Code for paper SWE-Search: Enhancing Software Agents with Monte Carlo Tree Search and Iterative Refinement
Note: The original development code can be found at github.com/a-antoniades/swe-search. It is only intended for reproducing the results in the paper. This is a clean refactor with a modular design, which will be maintained and extended.
Overview of SWE-Search showing the tree search process, where states (nodes) and actions (edges) are evaluated using contextual information and value function feedback to guide expansion.
Install the package:
pip install moatless-tree-search
Before running the evaluation, you'll need:
- At least one LLM provider API key (e.g., OpenAI, Anthropic, etc.)
- A Voyage AI API key from voyageai.com to use the pre-embedded vector stores for SWE-Bench instances.
- (Optional) Access to a testbed environment - see moatless-testbeds for setup instructions
You can configure these settings by either:
-
Create a
.env
file in the project root (copy from.env.example
):cp .env.example .env # Edit .env with your values
-
Or export the variables directly:
# Directory for storing vector index store files export INDEX_STORE_DIR="/tmp/index_store" # Directory for storing clonedrepositories export REPO_DIR="/tmp/repos" # Required: At least one LLM provider API key export OPENAI_API_KEY="<your-key>" export ANTHROPIC_API_KEY="<your-key>" export HUGGINGFACE_API_KEY="<your-key>" export DEEPSEEK_API_KEY="<your-key>" # ...or Base URL for custom LLM API service (optional) export CUSTOM_LLM_API_BASE="<your-base-url>" export CUSTOM_LLM_API_KEY="<your-key>" # Required: API Key for Voyage Embeddings export VOYAGE_API_KEY="<your-key>" # Optional: Configuration for testbed environment (https://github.com/aorwall/moatless-testbeds) export TESTBED_API_KEY="<your-key>" export TESTBED_BASE_URL="<your-base-url>"

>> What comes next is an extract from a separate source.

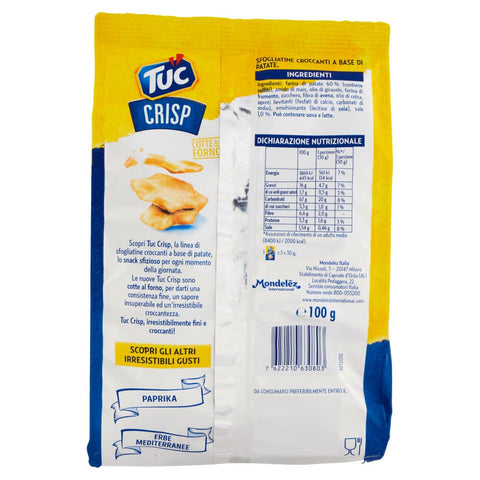 Tuc Crisp Original cuit au four 100g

To launch the Streamlit app, run:
# Launch with direct file loading
moatless-streamlit path/to/trajectory.json
# Launch interactive UI (file can be selected in browser)
moatless-streamlit
The following badges are used to indicate the status of a node:
Badge | Shape | Color | Description |
---|---|---|---|
⭐ | Star | Green | Node is marked as resolved |
❌ | X | Red | Invalid edits or failed tests |
🟢 | Circle | Green | Correct code spans present in the context |
🟡 | Circle | Yellow | Either: • Found files but not spans • Found spans but in wrong files |
To run the evaluation script
moatless-evaluate \
--model "gpt-4o-mini" \
--repo_base_dir /tmp/repos \
--eval_dir "./evaluations" \
--eval_name mts \
--temp 0.7 \
--num_workers 1 \
--use_testbed \
--feedback \
--max_iterations 100 \
--max_expansions 5
You can optionally set the --instance_ids
to evaluate on a specific instance or a list of instances.
Use --use_testbed
if you got access to a testbed environment. Otherwise, tests will not be run.
Basic setup similar to the moatless-tools agent.

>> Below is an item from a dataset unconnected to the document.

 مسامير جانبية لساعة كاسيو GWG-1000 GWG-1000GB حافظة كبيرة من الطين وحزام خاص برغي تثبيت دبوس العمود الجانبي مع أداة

from moatless.agent import CodingAgent
from moatless.agent.code_prompts import SIMPLE_CODE_PROMPT
from moatless.benchmark.swebench import create_repository
from moatless.benchmark.utils import get_moatless_instance
from moatless.completion import CompletionModel
from moatless.file_context import FileContext
from moatless.index import CodeIndex
from moatless.search_tree import SearchTree
from moatless.actions import FindClass, FindFunction, FindCodeSnippet, SemanticSearch, RequestMoreContext, RequestCodeChange, Finish, Reject
index_store_dir = "/tmp/index_store"
repo_base_dir = "/tmp/repos"
persist_path = "trajectory.json"
instance = get_moatless_instance("django__django-16379")

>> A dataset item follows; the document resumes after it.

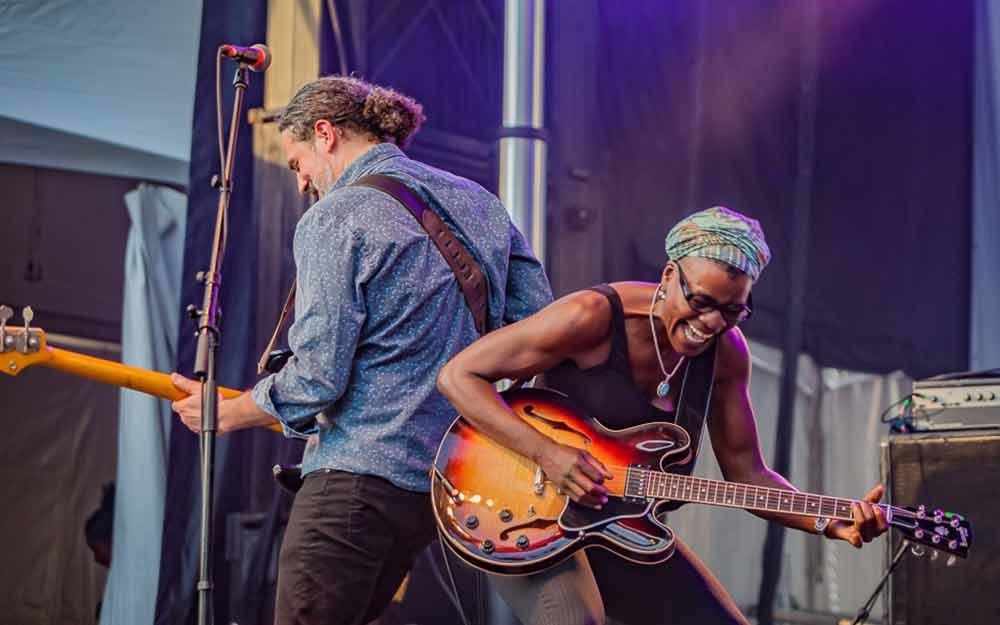 Festival International de Jazz de Montreal - Cecile Doo Kingue – WestmountMag.ca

completion_model = CompletionModel(model="gpt-4o", temperature=0.0)
repository = create_repository(instance)
code_index = CodeIndex.from_index_name(
instance["instance_id"], index_store_dir=index_store_dir, file_repo=repository
)
actions = [
FindClass(code_index=code_index, repository=repository),
FindFunction(code_index=code_index, repository=repository),
FindCodeSnippet(code_index=code_index, repository=repository),
SemanticSearch(code_index=code_index, repository=repository),
RequestMoreContext(repository=repository),
RequestCodeChange(repository=repository, completion_model=completion_model),
Finish(),
Reject()
]
file_context = FileContext(repo=repository)
agent = CodingAgent(actions=actions, completion=completion_model, system_prompt=SIMPLE_CODE_PROMPT)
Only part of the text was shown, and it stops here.